James Dean, the young motion-picture actor killed in a car accident in 1955, was promoted throughout his phosphorescent career as the All-American "mixed-up kid," the symbol of misunderstood hot-rodding youth with a switch-blade approach to life's little problems. When he died, an expensive film in which he had starred, Giant, had yet to be released, and the picture's press agents, seeking to offset any ill effects that Dean's demise might have on the commercial prospects of their product, succeeded by "glamorizing" the tragedy, and, in ironic consequence, created a Dean legend of rather necrophilic appeal. Though Brando was seven years older than Dean, and professionally more secure, the two actors came to be associated in the collective movie-fan mind. Many critics reviewing Dean's first film, East of Eden, remarked on the well-nigh plagiaristic resemblance between his acting mannerisms and Brando's. Offscreen, too, Dean appeared to be practicing the sincerest form of flattery; like Brando, he tore around on motorcycles, played bongo drums, dressed the role of rowdy, spouted an intellectual rigmarole, cultivated a cranky, colorful newspaper personality that mingled, to a skillfully potent degree, plain bad boy and sensitive sphinx.

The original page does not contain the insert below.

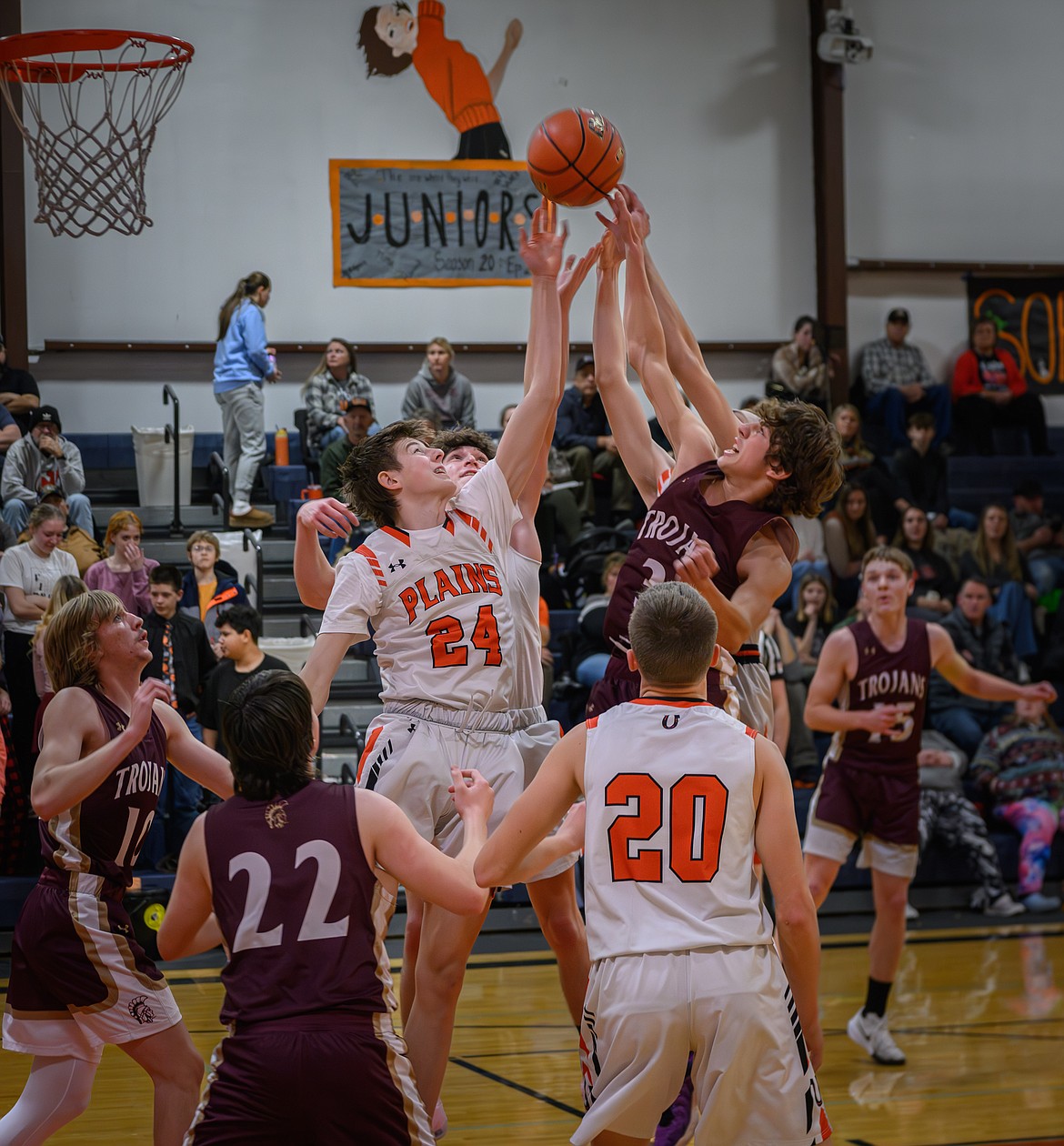 Horsemen sophomore forward Cooper Meredith (24) goes high in a battle for a rebound versus Troy during their game this past Thursday in Plains.  (Photo by Tracy Scott)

"No, Dean was never a friend of mine," said Brando, in response to a question that he seemed surprised to have been asked. "That's not why I may do the narration job. I hardly knew him. But he had an idee fixe about me. Whatever I did he did. He was always trying to get close to me. He used to call up." Brando lifted an imaginary telephone, put it to his ear with a cunning, eavesdropper's smile. "I'd listen to him talking to the answering service, asking for me, leaving messages. But I never spoke up. I never called him back. No, when I -"
The scene was interrupted
by the ringing of a real telephone. "Yeah?" he said, picking it up.
"Speaking. From where? ... Manila? ... Well, I don't
know anybody in Manila. Tell them I'm not here. No, when I
finally met Dean," he said, hanging up, "it was at a party. Where
he was throwing himself around, acting the madman. So I spoke to
him. I took him aside and asked him didn't he know he was sick?
That he needed help?" The memory evoked an intensified version of
Brando's familiar look of enlightened compassion. "He listened to
me. He knew he was sick. I gave him the name of an analyst,
and he went. And at least his work improved. Toward
the end, I think he was beginning to find his own way as an actor.
But this glorifying of Dean is all wrong. That's why I believe the
documentary could be important. To show that he wasn't a hero; show
what he really was-just a lost boy trying to find himself. That ought
to be done, and I'd like to do it - maybe as a kind of expiation for some
of my own sins. Like making The Wild One." He was referring
to the strange film in which he was presented as the Fuhrer of a tribe
of Fascistlike delinquents. "But. Who knows? Seven minutes
is my limit."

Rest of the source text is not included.